Tim Mosso5 Min ReadMar 30 2021

De Bethune’s DB28XP series was the best new watch collection of 2020. Watchmaker Denis Flageollet’s relentless commitment to improve, refine, and advance the state-of-the-art is embodied in the newest members of De Bethune’s signature model line. Launched to mark ten years since the original DB28, the XP also permits the brand from L’Auberson to revisit its landmark “Aiguille d’Or” win in the 2011 Grand Prix d’Horlogerie de Genève (GPHG).

Sure, new-watch competition is fierce, the grade-five titanium XPs are variations on previous models, and the market loves established blue-chip brand names. But the DB28XP trilogy accomplishes more than a routine model refresh. While most watch brands would satisfy themselves with dial updates, new metal options, and stylistic tweaks to successful products, De Bethune redesigned every aspect of the DB28 in order to create the XP trio.

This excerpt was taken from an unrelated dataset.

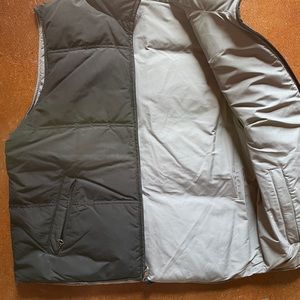 Eddie Bauer down vest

The DB28XP obsessively improves a standout quality of the original: its thickness. At 11.7mm thick, the 2010 DB28 was admirably thin for a watch incorporating a spherical moon phase display, a power reserve indicator, and 144 hours of mainspring energy. Consider that a steel Rolex Daytona is only 12.3mm thick, and it becomes apparent that the DB28 of 2010 was a packaging marvel.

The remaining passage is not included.